Dans le cadre de la continuité de la célébration de la journée de la dignité des victimes de la traite des personnes, prévue le 30 juillet de chaque année, le Comité National de lutte contre la traite des Personnes, en compagnie de ses partenaires techniques et financiers a animé une conférence dans la salle El Hadj Mohamed Koula Diallo de la maison de la presse de Guinée, ce vendredi 5 octobre.

Au cours de cette rencontre, les membres dudit comité ont dénoncé toutes les formes de traites humaines qui, disent-ils, sont une réalité de nos jours en République de Guinée. Ils estiment qu’il faut une synergie d’action de toute la population pour éradiquer ce phénomène.

« les différents rapports qui sont produits non seulement par les nations unies, mais également par le comité de lutte contre la traite des personnes attestent que toute forme d’exploitation est une réalité dans notre pays et cela aussi est étayé par le dernier rapport du département américain, qui nous a malheureusement rétrogradé dans le classement mondial de la lutte contre ce phénomène ». A expliqué le président du Comité National de lutte contre la traite des Personnes, Aboubacar Sidiki Camara, qui poursuit en expliquant les efforts fournis par sa structure pour y remédier : « depuis la publication de ce rapport, nous sommes d’ailleurs à pied pour que notre situation puisse s’améliorer. Ce qui fait que depuis un an nous avons élaboré un plan d’action d’urgence dans lequel nous avons inscrit en bonne place la célébration de cette journée ».
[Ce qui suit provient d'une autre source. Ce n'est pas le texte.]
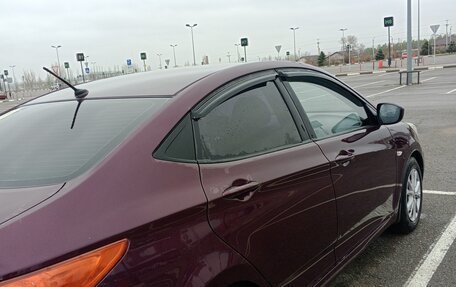 Hyundai Solaris II рестайлинг, 2012 год, 780 000 рублей, 10 фотография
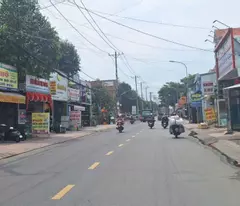 BÁN NHÀ GÓC 2 MT ĐƯỜNG NGUYỄN THỊ BÚP 18X25M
Pour Aboubacar Sidiki Camara, la lutte contre la traite des personnes doit se faire en synergie. « Il faudrait bien que l’on puisse comprendre que c’est des pratiques ancrées dans nos communautés, alors ce n’est pas en un coup de baguette magique qu’on pourra mettre fin à ces activités. Nous, nous avons prévu des activités prioritaires que nous avons mises dans un cadre logique qui est le plan d’action. En matière de prévention nous avons prévu de réaliser des activités d’information et de sensibilisation, nous avons prévu de mettre en place des programmes de formation et de renforcement de capacités de tous les acteurs, notamment les magistrats, les agents en charge de mener les enquêtes au niveau des commissariats de police, des postes de gendarmerie et aussi en matière de répression, il faudrait bien qu’on sache qu’on ne peut mettre fin à cette pratique qu’en poursuivant les auteurs », a-t-il fait savoir.

Parlant des difficultés de répression contre les auteurs de la traite des personnes en république de Guinée, Hadja Mariama Souadou Diallo, conseillère au ministère de la justice et Vice-présidente du comité national de lutte contre la traite des personnes explique : « les difficultés que nous avons eues au départ, c’est le manque de texte adéquat réprimant la traite des personnes, mais avec la révision des différents codes, notamment le Code pénal, le comité a pu insérer les parties de la loi spéciale qu’on avait voulu créer pour le compte du comité national. Donc la commission a pris en compte et ils ont désormais dans le Code pénal tous les textes y affairant, ce qui fait aujourd’hui que les juges sont outillés, parce que le Code pénal est très explicite dans la répression contre la traite des personnes ».

Par ailleurs, elle précise qu’avec l’annulation des cours d’assises, dans la réforme de la justice, et la création d’une section criminelle au niveau des TPI, les dossiers de traite des personnes pourront désormais être jugés plus rapidement.